= Exercise directions =
From the line containing "Balancing Family Values" to the line containing "New 2026 Kia Niro LX FWD image 24" in the entries below, reproduce every line exactly, ends included. Nothing else belongs in the copy, and no pictures.

= Given entries =
+ + + + +
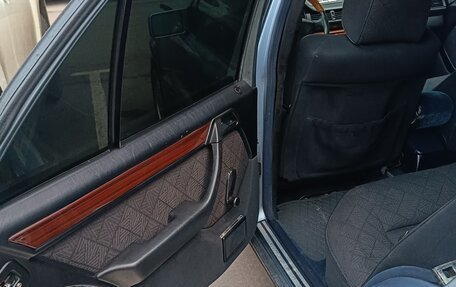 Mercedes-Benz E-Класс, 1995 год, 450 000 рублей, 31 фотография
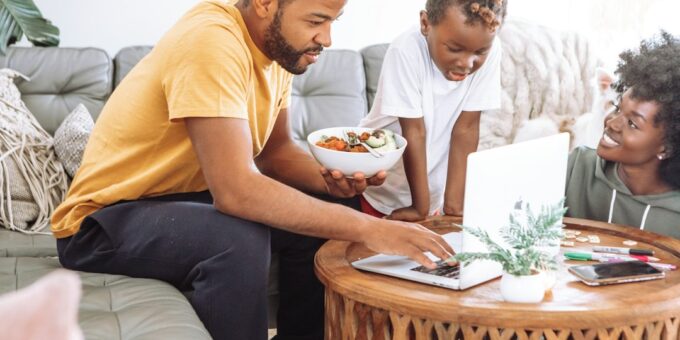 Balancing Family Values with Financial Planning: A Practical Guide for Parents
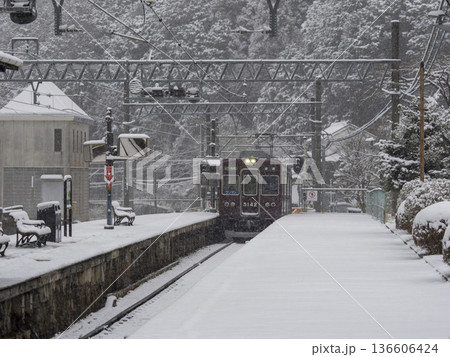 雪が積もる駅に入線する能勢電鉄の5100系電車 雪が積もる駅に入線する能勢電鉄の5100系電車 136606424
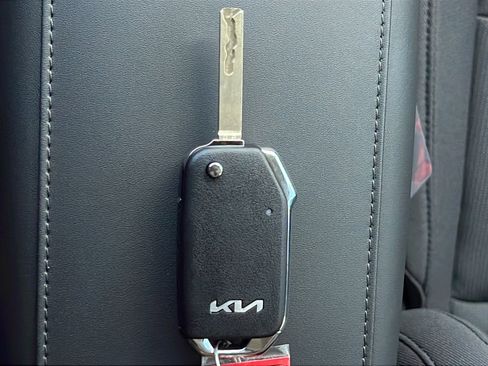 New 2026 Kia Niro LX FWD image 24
+ + + + +
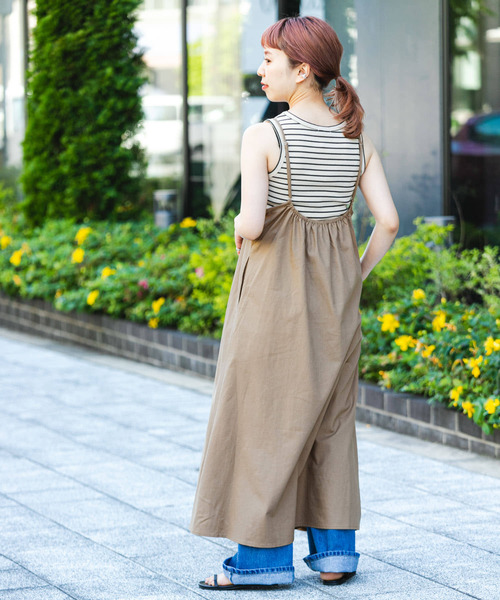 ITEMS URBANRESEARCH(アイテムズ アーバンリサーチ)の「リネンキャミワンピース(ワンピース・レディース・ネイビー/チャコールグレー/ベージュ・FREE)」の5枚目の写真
+ + + + +
= Exercise response =
 Balancing Family Values with Financial Planning: A Practical Guide for Parents
 雪が積もる駅に入線する能勢電鉄の5100系電車 雪が積もる駅に入線する能勢電鉄の5100系電車 136606424
 New 2026 Kia Niro LX FWD image 24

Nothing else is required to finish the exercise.